Y, sin embargo, la experiencia de la vida da razón a las enseñanzas de Jesús. Los pobres son los hombres auténticamente felices y dichosos. Pero cuando el Señor habla de los pobres no se refiere sólo a los que no tienen nada, materialmente hablando; a los que carecen de toda cosa terrena; ni son dichosos por el simple hecho de carecer. San Mateo añade una frase muy importante que nos ayuda para interpretar correctamente el pensamiento de nuestro Señor: bienaventurados los pobres de espíritu. Aquí está la clave. Un pobre de espíritu es aquel que confía ciegamente en el amor y en el poder de Dios, y que se abandona como un hijo pequeño en los brazos de su Padre, con la certeza de que todo lo recibirá de su Providencia amorosa.

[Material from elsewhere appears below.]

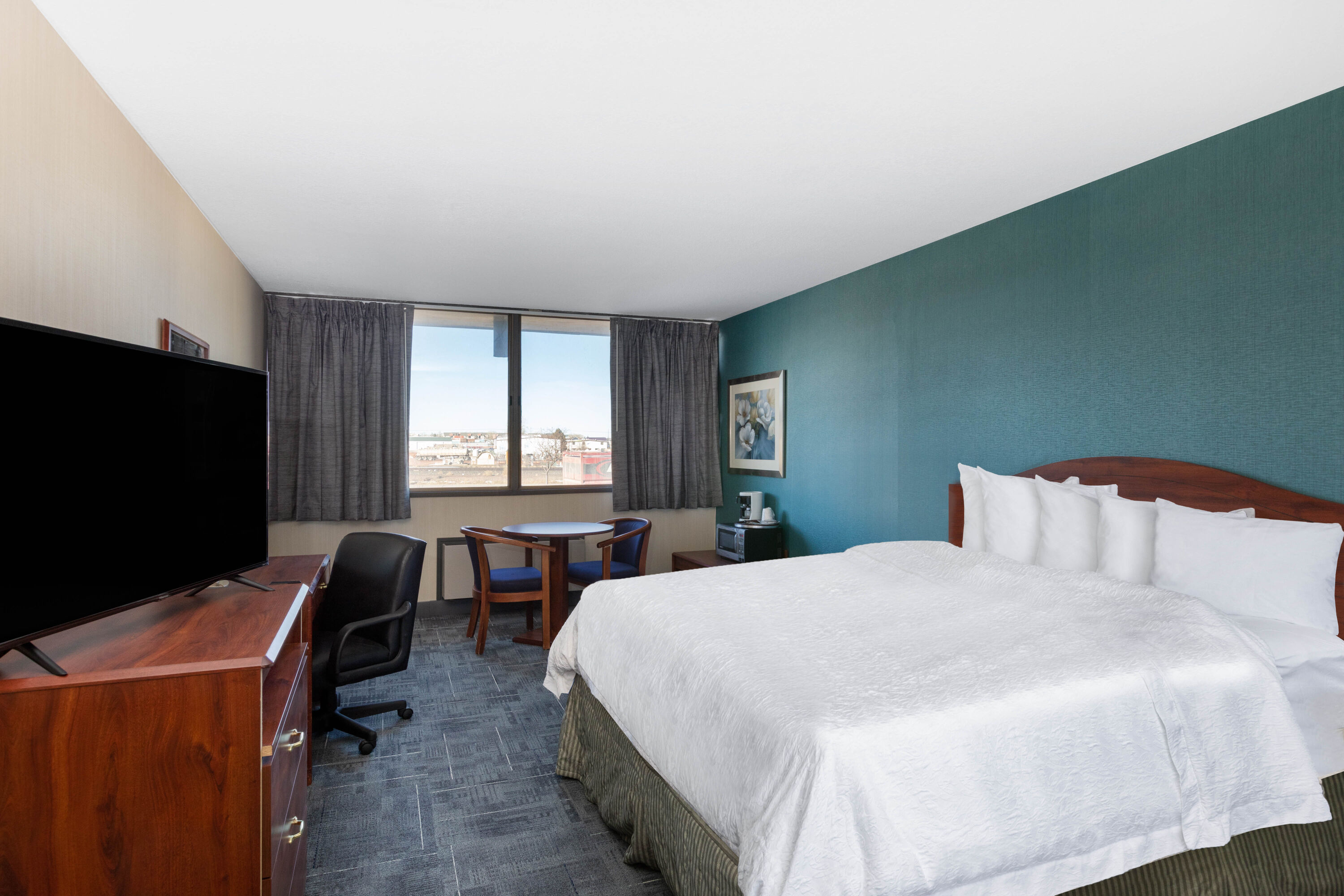 Guest room at the Howard Johnson by Wyndham Gillette in Gillette, Wyoming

Por supuesto que esto no lo lleva a la holgazanería, sino a la verdadera paz del corazón. Puesto que tiene toda su confianza puesta en Dios, sabe que Él, como Padre bueno y cariñoso, todo lo dispondrá para su mayor bien, incluso aquello que podría parecer, humanamente, menos bueno. Como dice san Pablo, “Dios hace concurrir todas las cosas para el bien de los que lo aman” (Rom 8, 28). Sí, incluso los sufrimientos, los dolores, las penalidades y tribulaciones de esta vida. Él sabe mucho mejor lo que nos conviene, aunque nosotros no lo veamos ni lo entendamos.
La verdadera pobreza evangélica es la del hombre que desapega su espíritu de todas las cosas que tiene, remite a Dios toda preocupación por las cosas tempora
les y vive en este mundo como peregrino en camino hacia la posesión eterna de Dios. La pobreza así entendida mantiene el alma abierta a Dios, en actitud de total expectativa, pues todo lo espera de Él; crea un clima espiritual propicio a la docilidad interior, a la oración y a la unión con Dios, porque enseña al hombre a vivir en continua dependencia del Creador.
La riqueza, en cambio, se puede convertir en cerrazón a Dios, porque, con el apego a tantas cosas superficiales, el corazón termina por llenarse de tierra y se ciega ante lo trascendente; la abundancia de cosas materiales puede ser, además, una tentación insidiosa para poner la propia seguridad en los medios humanos o económicos, que conduce a la autosuficiencia, a la presunción farisaica y a la búsqueda de una satisfacción meramente personal y egoísta.
La pobreza evangélica, por su parte, engendra la justicia y la misericordia, alimenta la esperanza, educa a la paz, al diálogo, al servicio del prójimo, aumenta el amor y dona serenidad y alegría espiritual. Éste es el punto de arranque de las demás bienaventuranzas, porque quien vive esta pobreza sustancial es humilde, tiene fe y confianza en Dios, sabe amar con auténtica caridad a Dios y a sus semejantes. Ojalá que también nosotros seamos secuaces de este gran revolucionario del amor, que es Jesús de Nazaret. ¡Ésta es una revolución transformante, la locura que cambiará el mundo!.